== Data supplied

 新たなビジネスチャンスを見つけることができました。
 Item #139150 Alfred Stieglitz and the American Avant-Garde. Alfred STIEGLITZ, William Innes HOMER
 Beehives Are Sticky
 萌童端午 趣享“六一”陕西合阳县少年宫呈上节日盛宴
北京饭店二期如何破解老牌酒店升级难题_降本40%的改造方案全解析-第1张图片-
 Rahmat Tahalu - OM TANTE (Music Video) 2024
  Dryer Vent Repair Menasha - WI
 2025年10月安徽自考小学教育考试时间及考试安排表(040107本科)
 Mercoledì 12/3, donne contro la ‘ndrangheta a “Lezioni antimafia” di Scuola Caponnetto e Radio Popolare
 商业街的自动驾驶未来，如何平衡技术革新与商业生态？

====
== Data supplied

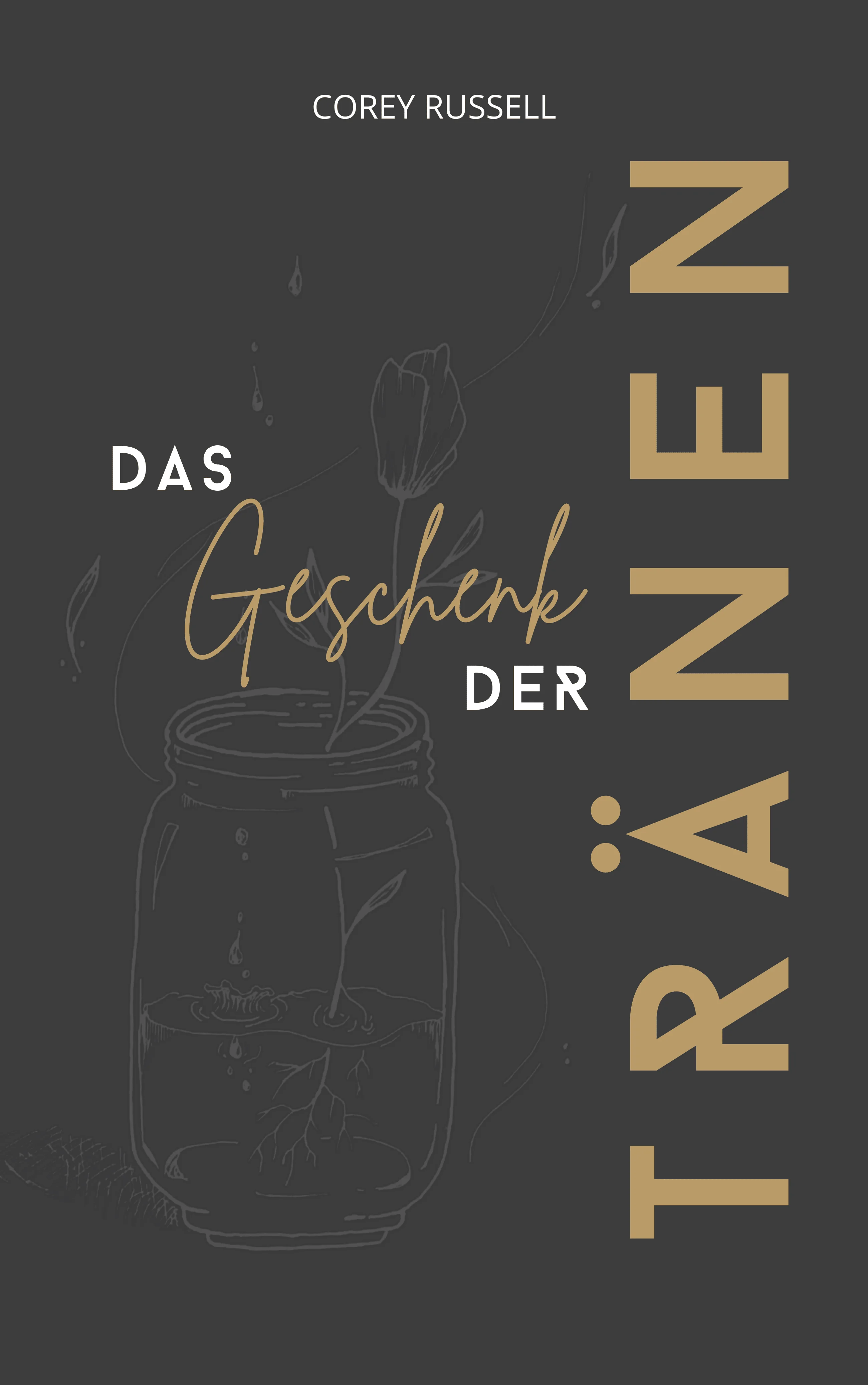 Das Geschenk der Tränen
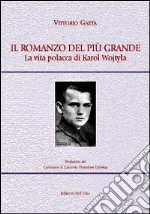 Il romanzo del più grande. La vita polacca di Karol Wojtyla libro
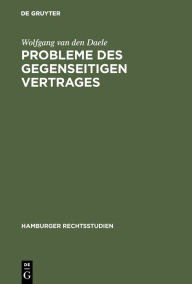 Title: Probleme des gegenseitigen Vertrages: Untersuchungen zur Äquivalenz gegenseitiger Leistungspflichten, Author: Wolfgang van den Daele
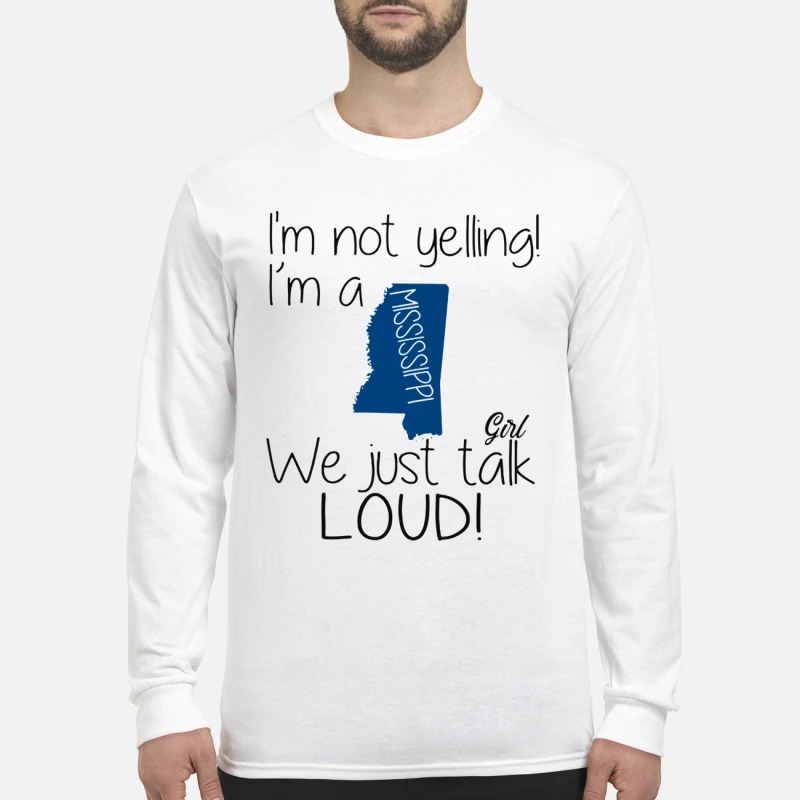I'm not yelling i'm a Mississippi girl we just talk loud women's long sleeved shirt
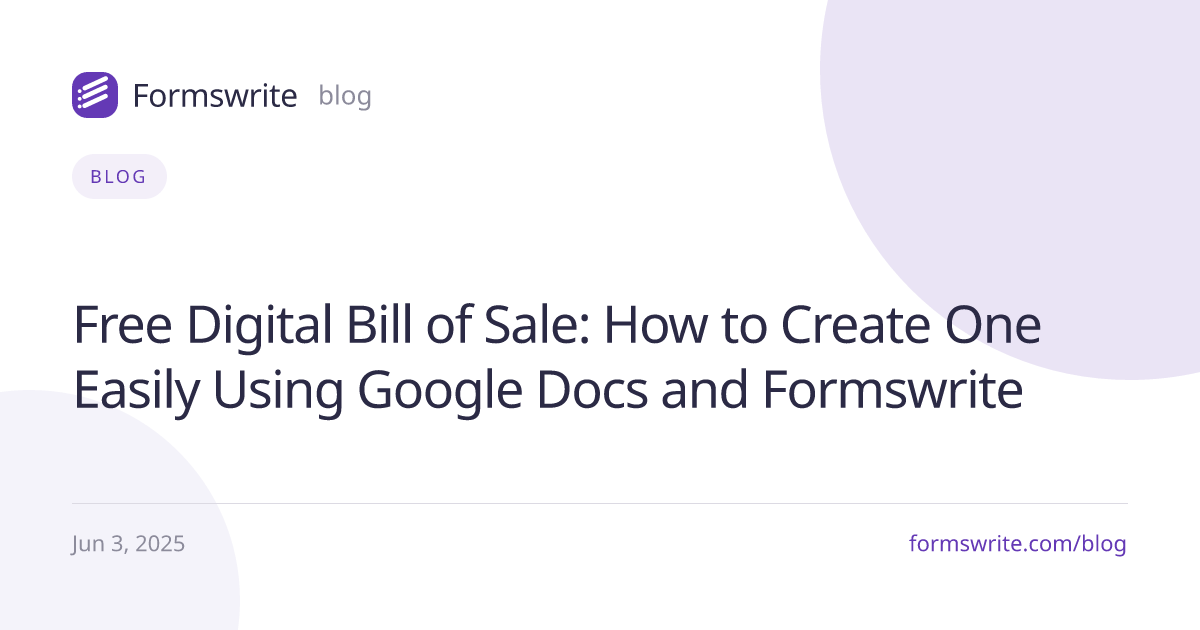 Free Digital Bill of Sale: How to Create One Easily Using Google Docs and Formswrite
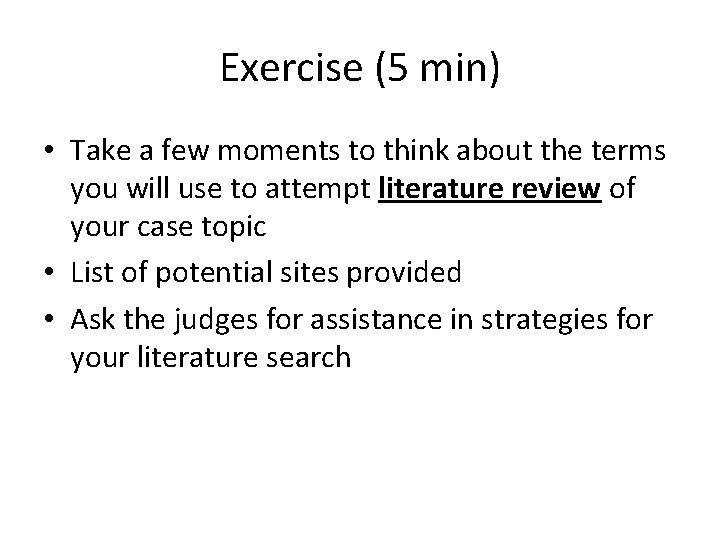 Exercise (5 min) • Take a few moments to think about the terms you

====

* [Your instructions] Repeat word for word the lines above that run from the line containing "新たなビジネスチャンスを見つけることができました。" through the line containing "商业街的自动驾驶未来，如何平衡技术革新与商业生态？", both ends included, and nothing else.

* [Exercise solution]
 新たなビジネスチャンスを見つけることができました。
 Item #139150 Alfred Stieglitz and the American Avant-Garde. Alfred STIEGLITZ, William Innes HOMER
 Beehives Are Sticky
 萌童端午 趣享“六一”陕西合阳县少年宫呈上节日盛宴
北京饭店二期如何破解老牌酒店升级难题_降本40%的改造方案全解析-第1张图片-
 Rahmat Tahalu - OM TANTE (Music Video) 2024
  Dryer Vent Repair Menasha - WI
 2025年10月安徽自考小学教育考试时间及考试安排表(040107本科)
 Mercoledì 12/3, donne contro la ‘ndrangheta a “Lezioni antimafia” di Scuola Caponnetto e Radio Popolare
 商业街的自动驾驶未来，如何平衡技术革新与商业生态？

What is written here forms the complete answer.